Dense Rank and Percent Rank

When two employees share the same score, winDenseRank() gives them the same rank and does not skip numbers. winPercentRank() returns a value between 0.0 and 1.0 representing relative position.

tova
async fn main() {
  employees = await read("data/employees.csv")

  perf_ranked = tableWindow(employees,
    {order: "performance_score", desc: true},
    {perf_rank: winDenseRank(), percentile: winPercentRank()})
    |> tableSelect("name", "department", "performance_score",
                    "perf_rank", "percentile")
    |> tableLimit(10)

  print(perf_ranked)
}

Notice there is no partition here -- the entire company is ranked together. The top performer gets perf_rank 1 and percentile 0.0 (the highest). The lowest performer gets percentile 1.0.

Dense Rank vs Rank

winRank() leaves gaps after ties (1, 2, 2, 4), while winDenseRank() does not (1, 2, 2, 3). Use dense rank when you want consecutive bucket numbers.

Ntile: Dividing into Buckets

winNtile(n) splits the ordered rows into n roughly equal groups. This is how you compute quartiles, deciles, or percentile buckets:

tova
async fn main() {
  employees = await read("data/employees.csv")

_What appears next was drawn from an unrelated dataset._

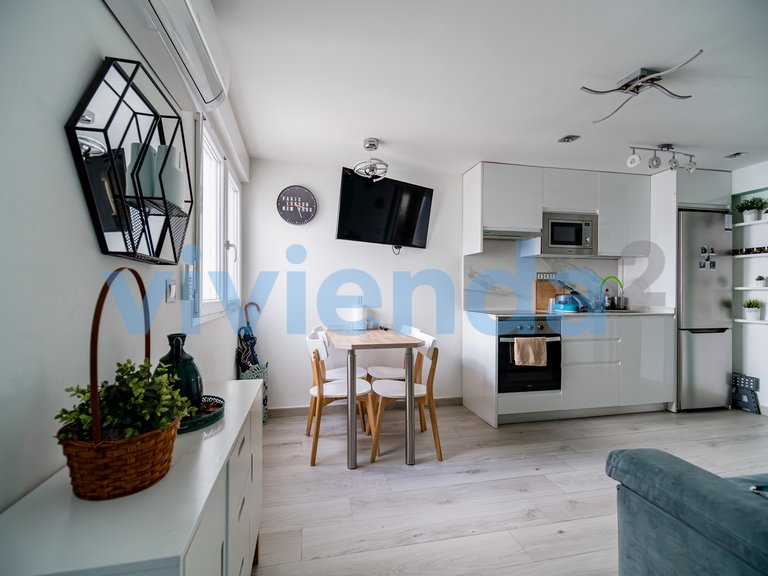 Apartment for Sale in Sol, Madrid 12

  quartiles = tableWindow(employees,
    {order: "salary", desc: true},
    {salary_quartile: winNtile(4)})
    |> tableDerive({quartile_label: fn(r) {
      match r.salary_quartile {
        1 => "Top 25%"
        2 => "Upper Mid"
        3 => "Lower Mid"
        4 => "Bottom 25%"
        _ => "Unknown"
      }
    }})

  print(quartiles |> tableSelect("name", "salary",
    "salary_quartile", "quartile_label"))
}

The highest-paid employees land in quartile 1 (top 25%), and we use table_derive with a match expression to attach human-readable labels.

Running Aggregates

Running (cumulative) aggregates grow as you move through the rows. They are essential for tracking totals over time, counting events, or computing running averages.

tova
async fn main() {
  sales = await read("data/sales.csv")

  running = tableWindow(sales |> tableSortBy("date"),
    {order: "date"},
    {
      cumulative_revenue: winRunningSum("amount"),
      deal_number: winRunningCount(),
      running_avg_deal: winRunningAvg("amount")
    })

  print(running |> tableSelect("date", "product", "amount",
    "cumulative_revenue", "deal_number", "running_avg_deal"))
}
FunctionWhat it computes
winRunningSum("amount")Sum of amount from the first row up to the current row
winRunningCount()How many rows have been seen so far (1, 2, 3, ...)
winRunningAvg("amount")Average of amount from the first row up to the current row
winRunningMin("amount")Smallest amount seen so far
winRunningMax("amount")Largest amount seen so far

Note that we sort the sales table by date first with tableSortBy("date") and also set order: "date" in the window options. The sort ensures the input rows are in chronological order, and the window order determines row sequencing within partitions.

Lag and Lead

win_lag and win_lead let you look at values from neighboring rows. This is invaluable for period-over-period comparisons.

tova
async fn main() {
  sales = await read("data/sales.csv")

  comparison = tableWindow(sales |> tableSortBy("date"),
    {order: "date"},
    {
      prev_amount: winLag("amount", 1, 0),
      next_amount: winLead("amount", 1, 0)
    })
    |> tableDerive({change_from_prev: fn(r) r.amount - r.prev_amount})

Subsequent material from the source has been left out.